Glenn: What was the 1st kit?
Troy: A Ludwig with a 20” bass drum. Got it for $75, sold it for $125. Had a Ziljian 22” ride, a little 6” crash and a set of hi-hats and that was it – 1st kit. I wish I would have kept it.
Glenn: Yeah. What were your 1st gigs and what put you onto doing a few gigs when you first started playing?
Troy: When I first playing, I started playing in the high school band and there was like a jazz band and a marching band and stuff and then there was the choir band. So I would play in the band for choir and maybe do shows - Saturday Night Fever or whatever. So I would play in that, you know, do more rock and stuff and my 1st real band was called ‘Blazon’ and we did like Dokken covers.
We played this ‘Battle Of The Bands’ in the park on a big tractor trailor and yeah, I was 12 and had this like big old kit that had like different drums in it and it was cool.
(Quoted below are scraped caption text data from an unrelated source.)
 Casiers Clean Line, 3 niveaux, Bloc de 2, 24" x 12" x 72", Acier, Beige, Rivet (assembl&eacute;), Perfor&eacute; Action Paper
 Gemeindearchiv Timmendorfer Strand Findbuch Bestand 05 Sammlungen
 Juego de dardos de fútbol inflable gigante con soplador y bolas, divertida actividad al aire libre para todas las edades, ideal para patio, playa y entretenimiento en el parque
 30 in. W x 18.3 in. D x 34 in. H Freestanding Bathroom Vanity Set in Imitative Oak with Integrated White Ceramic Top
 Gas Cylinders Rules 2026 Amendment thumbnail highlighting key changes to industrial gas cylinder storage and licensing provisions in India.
So yeah that was my first gig experience man playing in high school, playing rock for the choir, battle of the bands or whatever I could get in.
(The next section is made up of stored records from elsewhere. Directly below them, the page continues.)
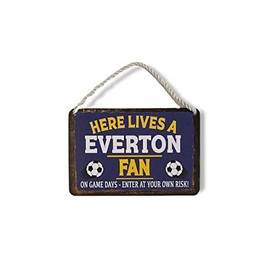 Metal Tin Sign - Everton Football Soccer Sports - Wall Plaque Retro Vintage 18X12 Cm Decorative Sign - For Bar Pub Dining Room Kitchen Bedroom Office Garage - Funny Stylish Gift
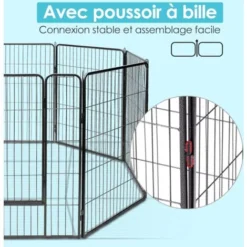 GOPLUS Parc/Enclos Pour Animaux En Metal, Parc Pliable à 8 Panneaux, Différente Forme, Porte à Double Verrou, Clôture Pour Intérieur Et Extérieur, Hauteur 100 Cm, Pour Chien, Chiot, Chat, Lapin -Promos Patto Chou Boutique 40243729 3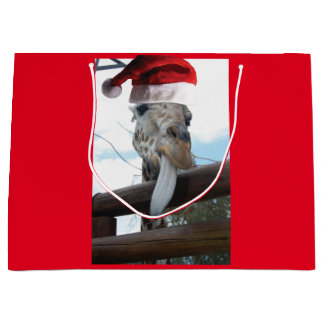 Christmas Giraffe wearing a Santa Claus Hat Large Gift Bag
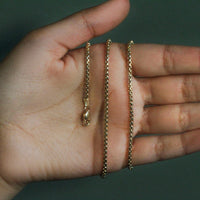 14k Yellow Gold Solid Round Box Chain 2.5 mm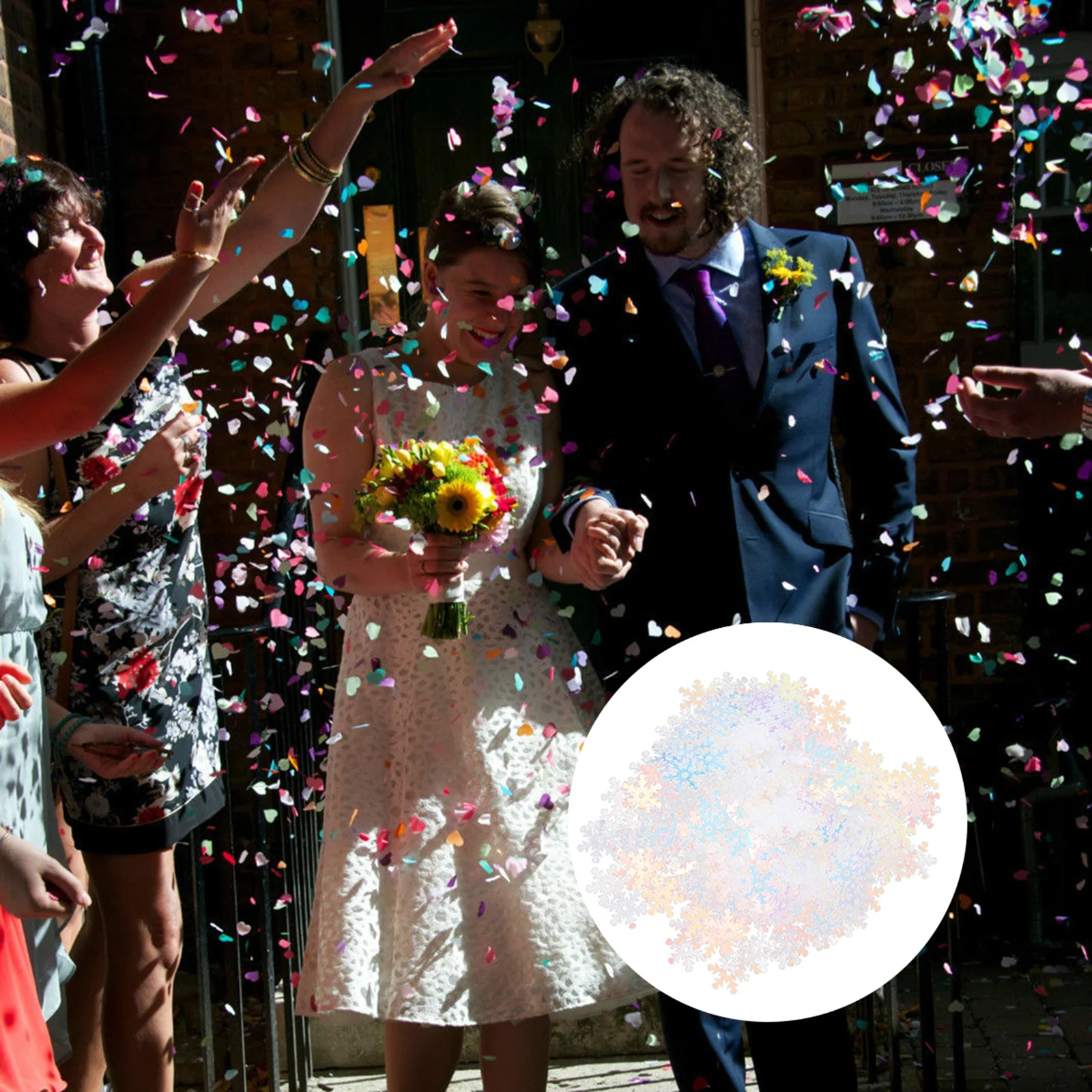 

360Pcs Confetti Snowflake Warm Color Match Christmas Decoration Versatile Photo Prop for Party Wedding Festival Xmas Ornament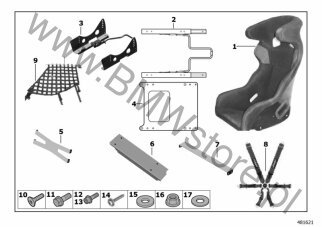 Śruba z łbem walcowym na diagramie Fotel wyścigowy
Glenn: Yeah cool. Who would you say your favourite drummers are now – has it changed much since Vinny Appice?
Troy: You know, not really man, I still... Bun E.Carlos from Cheap Trick – still a huge fan of his. Vik Foxx from Enuff Znuff – he is in The Veronicas now. I mean I love Tommy Lee and all that stuff but you know Bun E.Carlos & Vik Foxx, you know those two together really kind of make the perfect drummer to me.
Glenn: What got you to make it to the big-time circuit – being signed with bigger bands?
Troy: You know, I think a lot of it is just luck. Time and the place – you know just being in the right place. I mean, you know obviously when you go for the audition if you have your sh*t together you got a good shot in getting involved and you never know who you are gonna meet in maybe years from now – somebody that you met years ago, so always be kind and always be respectful and always have your sh*t together. Get a reputation that will precede you so – I want some guy, even though if I haven’t talked to him in 2 years and someone says to him, “Hey, do you know a good rock drummer”, I want him to think of me because he’ll go, “F*ck, I know this guy Troy from a couple of years ago – he’s solid, you know he tries to stay in shape, always a nice guy, really pro’ cause you never know, you know? And I think that’s pretty much been it.
I mean, I was fortunate enough to play with a lot of the guys I grew up listening to – Mick Swader from Bullet Boys, Tod Howarth from Frehley’s Comet, Mike Tramp, you know, Jani Lane from Warrant, C.C. Deville – you know I’ve been so lucky... Dizzy Reed from Guns ‘N’ Roses, Gilby Clarke and it’s just you know but some of it’s kinda like somehow getting your way in the door and just half being there and they go, “Alright, we’ll take you”, you know and then you end up doing a couple of things and they go, “Hey this guy’s got his sh*t together” you know and then maybe 2 years from now Gilby will call me and go, “You wanna play a show?”, and I’ll be there for it.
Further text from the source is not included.